I’ve got butterflies inside
Forming in my mind
Moving through my soul, I know they’ll come alive
These butterflies inside
Flutter in my heart
Lifting from my lips they learn to fly
Listen to Butterflies Inside here! More like this : “I Wanted My Dog Dead: Practicing Compassion”
Love this, Christine! My kids are just about to start high school and I’m already dreading the empty nest and fear I’m not growing either. You’re input is helpful to trust God is growing us even if we don’t see it or feel it.
Thanks again!
Craig
Wonderful, Craig! May your metamorphoses be filled with joy and grace : )
Love your words and how you process. Keep sharing. Keep writing. It seems like a crazy amount of change goes on in the 50s! I too experience cry sessions about anticipated change —sometimes at the strangest times—but it feels good to process it all and then rest in a new place.
Dave processes with a banjo in hand🤪
Robin, you are so right! Thanks for the encouragement. Love to you, Dave, and the kids : )
Great stuff Christine. I totally understand what you mean! My kids are not all ready to leave the nest yet so I am trying to treasure the time that is left. Sometimes in life it feels like you take one step forward and ten steps back but I know I am growing if I let God bring the change in me that he wants to. Blessings to you and family!
Thanks, Ian! May you have many lovely steps forward with your family.
As a wordsmith having written a virtual lepidopterarium full of songs, I think you’re already a bit of an etymologist. Even knowing the definition of etymologist makes you more than a pupal pupil. Allay alae; you’re soaring already. 🙂
Steven, you’ve got some great words at your disposal–verrry clever!
There was a defining moment in my life which for me, an INTP, was about “Finding Life in the Bigger Story.”
In my freshman Theology class at Boston College, two seminarian students quizzed the professor, a Jesuit priest, in a strident challenging manner. I was shocked that they could act this way like pharisees trying to embarrass him. However, the professor listened to their questions and responded to them in a measured way, demonstrating to the class that no question was unacceptable. The seminarians did ask other provocative questions as the semester progressed, but in a respectful way. I learned from this encounter that each of us has an individual way of seeing things, sometimes alien to another, and even if we find it contrary to our experience, we can reach toward the other to learn and possibly appreciate something from the differing point of view. Or, we can then agree to disagree.
“Wisdom of Solomon” addresses questions of faith and our way of responding to them as follows: 9:16 “All we can do is make guesses about things on earth; we must struggle to learn about things that are close to us. Who then, can ever hope to understand heavenly things?” 19:18 “On a harp each string keeps its own pitch, but each sound can be combined with others to make different melodies.” 19:22 “Lord, you have made your people great – glorious in all aspects.

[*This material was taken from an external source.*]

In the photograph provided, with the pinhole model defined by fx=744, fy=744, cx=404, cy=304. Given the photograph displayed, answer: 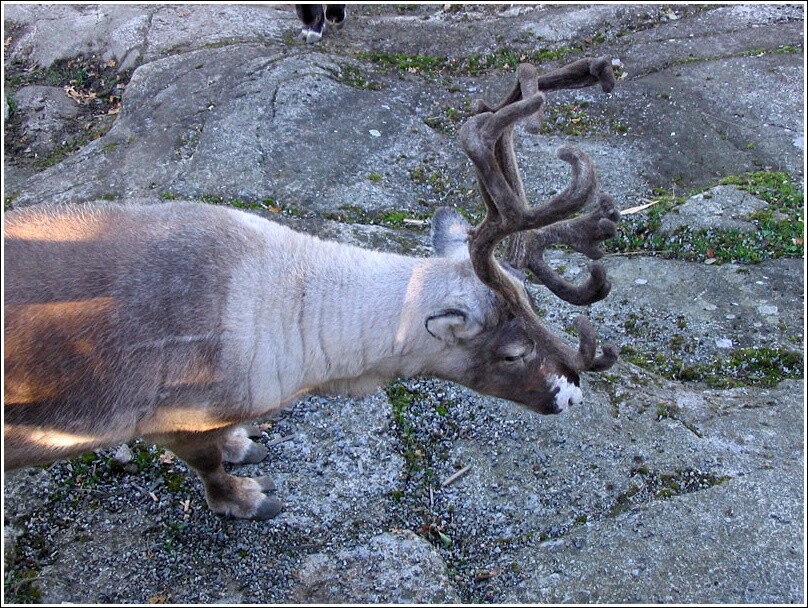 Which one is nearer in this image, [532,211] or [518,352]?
[532,211]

You have not neglected them. You have given them help, always, and everywhere.”
From The Problems of Philosophy by Bertrand Russell: “Philosophy is to be studied, not for the sake of any definite answers to its questions, since no definite answers can, as a rule, be known to be true, but rather for the sake of the questions themselves; because these questions enlarge our conception of what is possible, enrich our intellectual imagination and diminish the dogmatic assurance which closes the mind against speculations; but above all because, through the greatness of the universe which philosophy contemplates, the mind is also rendered great, and becomes capable of that union with the universe which constitutes its highest good.”
Ahh, yes, wisdom from everywhere! Thank you, Jim, for these poignant reminders from your experience and contemplation.